TASK DESCRIPTION> Drop the pictures and extract exactly the lines from the one that contains "Brown suede heels" through the end of the material.
+++ PROVIDED MATERIAL +++
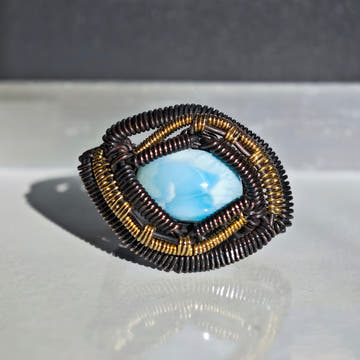 Larimar Ring · Black Copper and Brass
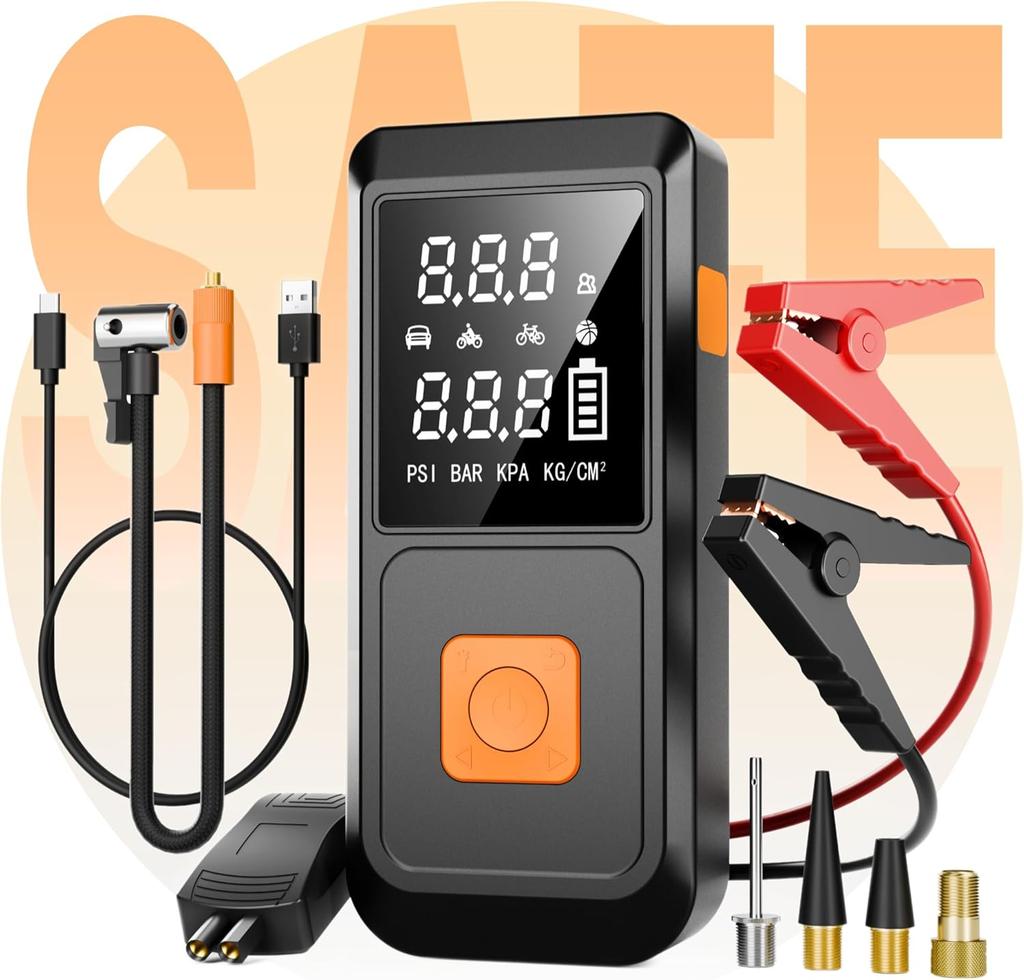 Пусковое устройство для автомобильного аккумулятора с воздушным компрессором 150 фунтов на кв. дюйм, Портативное, 12 В, Пусковая коробка для аккумулятора с интеллектуальными пусковыми проводами, Отображение давления в шинах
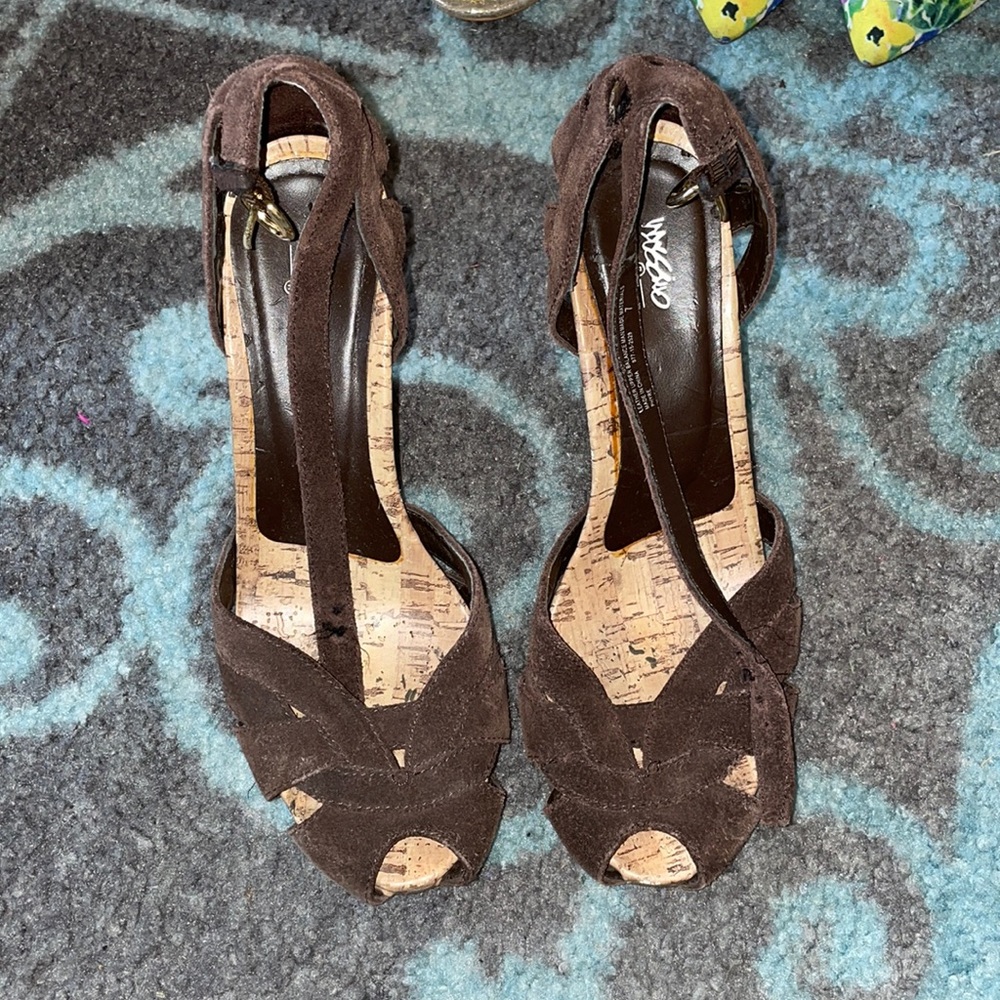 Brown suede heels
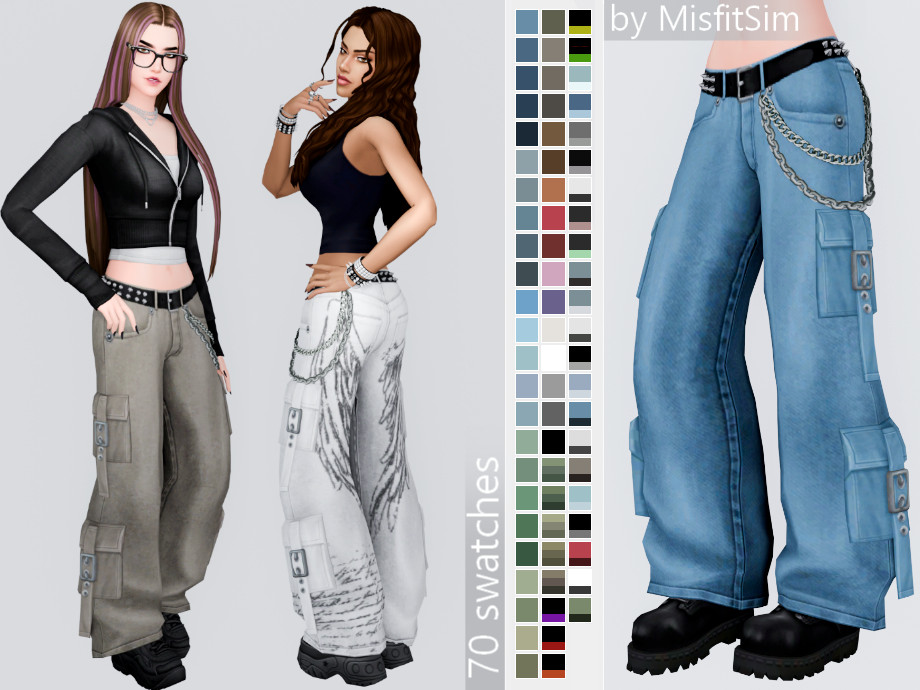 Джинсы для симов и симочек Thrashed Baggy Chain Jeans для Sims 4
+++
EXPECTED ANSWER>
 Brown suede heels
 Джинсы для симов и симочек Thrashed Baggy Chain Jeans для Sims 4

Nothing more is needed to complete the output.